Avec un contrat courant jusqu'en 2025 dans le nord, Jonathan David a le temps de se refaire une santé. Une côte sur le marché des transferts, surtout. Car si le talent du Canadien est phénoménal, il faudra une nouvelle saison pleine avec les Dogues, sa troisième depuis son arrivée, pour se "refaire la cerise". Et qui pourrait lui permettre de rejoindre l'écurie de haut niveau qu'il convoite tant.
L'arrivée de Mohamed Bayo devrait également faire du bien à Jonathan David. Mais c'est surtout la nomination de "l'offensif" Paulo Fonseca qui pourrait offrir un nouveau souffle salvateur à l'avant-centre. Les premières sorties en préparation en sont la preuve et le Portugais a expliqué "être content" avec le Canuck, buteur et/ou incisif lors de chacun de ses rendez-vous.

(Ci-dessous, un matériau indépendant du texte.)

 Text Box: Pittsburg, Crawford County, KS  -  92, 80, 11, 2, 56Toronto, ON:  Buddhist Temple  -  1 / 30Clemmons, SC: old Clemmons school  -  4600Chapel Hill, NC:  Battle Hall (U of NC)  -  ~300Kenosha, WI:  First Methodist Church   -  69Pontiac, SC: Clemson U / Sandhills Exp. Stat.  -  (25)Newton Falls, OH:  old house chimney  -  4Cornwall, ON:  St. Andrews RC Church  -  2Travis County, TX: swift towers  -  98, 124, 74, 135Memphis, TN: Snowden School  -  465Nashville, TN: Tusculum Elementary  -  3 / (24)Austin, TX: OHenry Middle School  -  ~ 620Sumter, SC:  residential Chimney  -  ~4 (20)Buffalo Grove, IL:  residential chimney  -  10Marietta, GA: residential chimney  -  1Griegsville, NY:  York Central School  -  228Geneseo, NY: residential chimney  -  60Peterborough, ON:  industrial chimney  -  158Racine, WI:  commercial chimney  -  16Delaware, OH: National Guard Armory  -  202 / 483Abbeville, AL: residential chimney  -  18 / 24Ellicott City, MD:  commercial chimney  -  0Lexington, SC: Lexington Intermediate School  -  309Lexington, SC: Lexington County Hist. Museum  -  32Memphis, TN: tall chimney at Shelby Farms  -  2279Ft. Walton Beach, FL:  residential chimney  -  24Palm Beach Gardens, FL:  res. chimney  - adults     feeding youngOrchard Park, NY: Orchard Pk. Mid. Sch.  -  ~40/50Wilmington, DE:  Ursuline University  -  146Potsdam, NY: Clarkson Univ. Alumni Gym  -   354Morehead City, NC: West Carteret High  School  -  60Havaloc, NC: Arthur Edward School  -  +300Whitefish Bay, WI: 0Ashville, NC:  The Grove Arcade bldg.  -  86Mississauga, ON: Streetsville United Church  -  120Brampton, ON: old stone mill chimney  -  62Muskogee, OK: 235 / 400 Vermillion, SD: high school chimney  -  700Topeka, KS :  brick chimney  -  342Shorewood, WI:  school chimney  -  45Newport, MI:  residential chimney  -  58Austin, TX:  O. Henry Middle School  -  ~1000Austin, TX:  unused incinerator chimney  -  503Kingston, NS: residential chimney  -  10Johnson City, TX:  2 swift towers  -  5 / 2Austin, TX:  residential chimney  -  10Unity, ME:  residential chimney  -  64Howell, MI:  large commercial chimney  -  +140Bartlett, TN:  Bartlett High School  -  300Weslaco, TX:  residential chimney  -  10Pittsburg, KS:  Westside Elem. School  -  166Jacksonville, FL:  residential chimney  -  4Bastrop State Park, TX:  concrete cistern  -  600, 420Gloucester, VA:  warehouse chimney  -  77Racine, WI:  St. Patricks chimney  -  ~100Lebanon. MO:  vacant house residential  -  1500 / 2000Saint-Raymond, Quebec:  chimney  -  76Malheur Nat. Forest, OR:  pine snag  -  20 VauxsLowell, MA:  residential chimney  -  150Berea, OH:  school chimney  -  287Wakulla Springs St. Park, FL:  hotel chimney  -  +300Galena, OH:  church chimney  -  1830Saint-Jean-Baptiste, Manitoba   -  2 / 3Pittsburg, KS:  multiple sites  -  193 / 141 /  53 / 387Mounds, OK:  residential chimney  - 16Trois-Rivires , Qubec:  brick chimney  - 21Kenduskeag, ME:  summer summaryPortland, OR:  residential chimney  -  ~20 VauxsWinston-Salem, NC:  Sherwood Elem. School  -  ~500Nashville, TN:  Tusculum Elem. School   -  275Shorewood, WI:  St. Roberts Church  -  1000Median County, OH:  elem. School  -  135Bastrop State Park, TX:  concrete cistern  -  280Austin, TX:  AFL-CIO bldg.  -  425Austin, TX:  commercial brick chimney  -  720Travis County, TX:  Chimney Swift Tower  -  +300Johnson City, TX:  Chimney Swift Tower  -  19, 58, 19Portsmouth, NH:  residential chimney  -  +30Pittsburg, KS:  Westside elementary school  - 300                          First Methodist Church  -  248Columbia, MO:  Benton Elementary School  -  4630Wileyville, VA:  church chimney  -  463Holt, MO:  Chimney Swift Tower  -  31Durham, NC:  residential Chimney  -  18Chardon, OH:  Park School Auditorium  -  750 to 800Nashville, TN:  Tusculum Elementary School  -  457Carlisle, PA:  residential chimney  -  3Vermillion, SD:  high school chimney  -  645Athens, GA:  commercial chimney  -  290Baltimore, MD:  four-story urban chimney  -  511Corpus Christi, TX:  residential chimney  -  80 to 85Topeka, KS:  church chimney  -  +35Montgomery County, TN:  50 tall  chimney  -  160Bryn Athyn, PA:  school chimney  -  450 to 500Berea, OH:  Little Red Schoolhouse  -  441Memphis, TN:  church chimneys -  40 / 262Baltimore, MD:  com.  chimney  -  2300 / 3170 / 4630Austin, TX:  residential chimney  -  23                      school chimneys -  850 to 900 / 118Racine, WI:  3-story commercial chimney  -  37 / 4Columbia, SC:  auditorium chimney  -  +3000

De plus, avec une Coupe du monde qui se profile à la fin de l'automne, la première pour le Canada depuis 1986, David semble regonflé à bloc et pourrait débarquer au Qatar le couteau entre les dents. Pedigree à redorer, courtisans à (re)séduire, "LOSC à porter", toutes les planètes semblent donc alignées pour revoir Jonathan David sur les pelouses hexagonales. Il ne faut pas non plus oublier que le "kid" de Brooklyn n'a que 22 ans… Mais sur le marché tout va très vite, trop parfois.